As always comments are appreciated and like last week will be integrated into the final ballot that I have to submit Tuesday night.
Just a reminder, here’s the criteria that I’m using
The prior Top 25 will have no significant impact on the new one. Teams won’t hold positions playing scrubs in OOC play over teams with real wins in September. Just because a team is 18th doesn’t mean it moves up because the 17th ranked team loses. Teams resumes will go up and down as the season goes on.
|
Taw Poll |
Rationale |
| 1. Bama | Smashed a bad UNT team. Would appear right now to have the edge on the Gators with a better run defense. |
| 2. Cal | Went on the road, and while struggled against Minnesota got quality win over a BCS conference team. |
| 3 Miami | Beat FSU on the road. Smashed GA Tech at home. Win at Blacksburg makes the Canes our new number one |
| 4. UF | Really struggled against Tenn. Tenn D really contained UF’s offense, while Tenn even with real limitations at QB managed to move the ball on Florida’s D. |
| 5. UT | Didn’t look great against Tech. McCoy struggled for second game in a row. Secondary still looks vulnerable. Still their best win of the year.
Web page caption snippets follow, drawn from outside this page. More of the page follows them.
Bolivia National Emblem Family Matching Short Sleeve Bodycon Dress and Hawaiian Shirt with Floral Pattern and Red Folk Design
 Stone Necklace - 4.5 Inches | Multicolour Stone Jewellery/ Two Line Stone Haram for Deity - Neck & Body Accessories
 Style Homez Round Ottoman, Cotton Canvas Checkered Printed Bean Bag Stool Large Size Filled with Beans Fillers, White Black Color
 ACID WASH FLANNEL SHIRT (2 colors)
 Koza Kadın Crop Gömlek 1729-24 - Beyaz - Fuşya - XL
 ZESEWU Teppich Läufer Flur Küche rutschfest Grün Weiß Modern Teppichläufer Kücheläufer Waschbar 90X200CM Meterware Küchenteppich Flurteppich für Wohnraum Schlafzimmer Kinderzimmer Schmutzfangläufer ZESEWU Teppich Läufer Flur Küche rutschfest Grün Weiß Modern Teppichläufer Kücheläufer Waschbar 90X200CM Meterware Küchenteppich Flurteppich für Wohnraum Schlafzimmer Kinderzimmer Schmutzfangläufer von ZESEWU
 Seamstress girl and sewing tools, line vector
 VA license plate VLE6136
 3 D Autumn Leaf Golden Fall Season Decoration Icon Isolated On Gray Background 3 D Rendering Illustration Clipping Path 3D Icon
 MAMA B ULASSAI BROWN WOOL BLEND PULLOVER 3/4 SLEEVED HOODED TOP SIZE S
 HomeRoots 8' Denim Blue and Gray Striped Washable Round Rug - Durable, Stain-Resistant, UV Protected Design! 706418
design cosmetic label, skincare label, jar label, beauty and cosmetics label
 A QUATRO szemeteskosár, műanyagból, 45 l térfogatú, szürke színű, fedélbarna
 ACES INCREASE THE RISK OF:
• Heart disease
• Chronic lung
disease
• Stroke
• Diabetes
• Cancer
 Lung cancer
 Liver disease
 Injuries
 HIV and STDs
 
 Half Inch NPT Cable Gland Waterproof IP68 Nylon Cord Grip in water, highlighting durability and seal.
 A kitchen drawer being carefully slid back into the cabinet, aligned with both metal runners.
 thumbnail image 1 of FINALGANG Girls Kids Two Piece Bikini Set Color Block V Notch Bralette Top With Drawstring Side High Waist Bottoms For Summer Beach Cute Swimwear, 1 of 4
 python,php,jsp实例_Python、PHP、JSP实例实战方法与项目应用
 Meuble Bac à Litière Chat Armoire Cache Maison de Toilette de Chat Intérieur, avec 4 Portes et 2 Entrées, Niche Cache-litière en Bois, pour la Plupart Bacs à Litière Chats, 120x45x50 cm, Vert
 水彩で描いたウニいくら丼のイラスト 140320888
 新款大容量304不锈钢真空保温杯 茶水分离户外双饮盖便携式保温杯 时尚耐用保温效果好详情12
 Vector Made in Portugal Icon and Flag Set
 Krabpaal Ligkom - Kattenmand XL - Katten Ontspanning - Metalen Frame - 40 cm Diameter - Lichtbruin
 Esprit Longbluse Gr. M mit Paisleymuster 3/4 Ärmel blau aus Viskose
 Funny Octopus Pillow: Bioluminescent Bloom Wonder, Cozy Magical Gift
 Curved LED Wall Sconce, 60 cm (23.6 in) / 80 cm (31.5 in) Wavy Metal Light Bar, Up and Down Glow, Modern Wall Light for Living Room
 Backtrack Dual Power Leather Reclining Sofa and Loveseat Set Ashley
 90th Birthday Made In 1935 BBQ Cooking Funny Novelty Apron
Win over Wyoming doesn’t look so great with CU beating them. |
| 6. LSU | Their road win at Seattle looks a whole lot better now. Udub in Seattle with Locker is not the 0-12 disaster of last year. |
| 7. Boise State | Good road win at Fresno State. Schedule is opening up. Possible horror matchup for OU fans if OU can run the Big 12. Fiesta Bowl rematch with Boise |
| 8. Cincinnati | Beat a good Oregon State team on the road. Clearly appear to be the class of the Big East. Can they run the table and create some BCS chaos. |
| 9. Penn State | Won again. Season starts for real next week. |
| 10. Mississippi | Play someone, anyone so we have some clue how good you are. Your OOC schedule is a total embarrassment. |
| 11. Virginia Tech | Struggled to beat Nebraska at home. Really NU lost that game more than Hokies won it. Still it’s a win over a team that was ranked in the polls (TaW validated by NU’s new QB play) |
| 12. TCU | Still winning. And with losses to BYU and Utah they are now the flagship of the Mountain West. |
| 13. USC | If I have one huge game to win, I’d hire Pete Carroll. If I also had one small game to lose, I’d hire Pete Carroll. The usual early loss, run the table, whine excessively out being left out of the title game process maybe derailed by Cal however. |
| 14. OSU | Dominated a previously unbeaten Toledo team. Exactly where was that offensive playcalling last week? |
| 15. Kansas | Still undefeated. Reising looks as effective as ever. Cannot overestimate the value of a veteran playmaker at QB |
| 16. Michigan | Extra practice continuing to show solid on the field results. Injury to Forcier is a worry as Robinson is pretty one dimensional |
| 17. FSU | Close loss to Miami, nearly lose to Jacksonville State, dominate BYU on the road. Seminoles are up this week, who knows next week. |
| 18. Oklahoma | OU seems to have rallied from their terrible debut along the way finding a QB for 2010, WRs for 2009, and their new OL appears to be rounding into form. Defense appears to be in top form. Beat Miami in two weeks and OU will be back in the Top Ten. |
| 19. BYU | Okay BYU did beat OU. But all that goodwill gets cashed out when you get completely dominated at home by FSU. And even without Sam Bradford if they played tomorrow at JerryWorld who do you think is going to win? |
| 20. Houston | Beat Texas Tech this weekend, and Houston joins the BCS buster conversation. |
| 21. Oklahoma State | Rice scored 24 points. Meaningful points, not 2 late TD garbarge points. OSU defense looking very vulnerable. |
| 22. UGA | I thought the SEC played defense? UGA scores over 40 again in conference play and barely holds on to beat Arkansas. SEC defenses looking like Big 12 defenses from 2008. |
| 23. Auburn | Auburn beat previously undefeated WVU at home. Nice test for the young War Eagles. |
| 24. Washington | Could easily be 3-0 and in the top ten. Seriously. |
| 25. Iowa | Undefeated and beat Arizona last week. |
On verge of entering the poll
- UNC: I’m just not convinced that they are any good. Sure UConn’s win over Baylor makes UNC’s struggles there seem more legitimate.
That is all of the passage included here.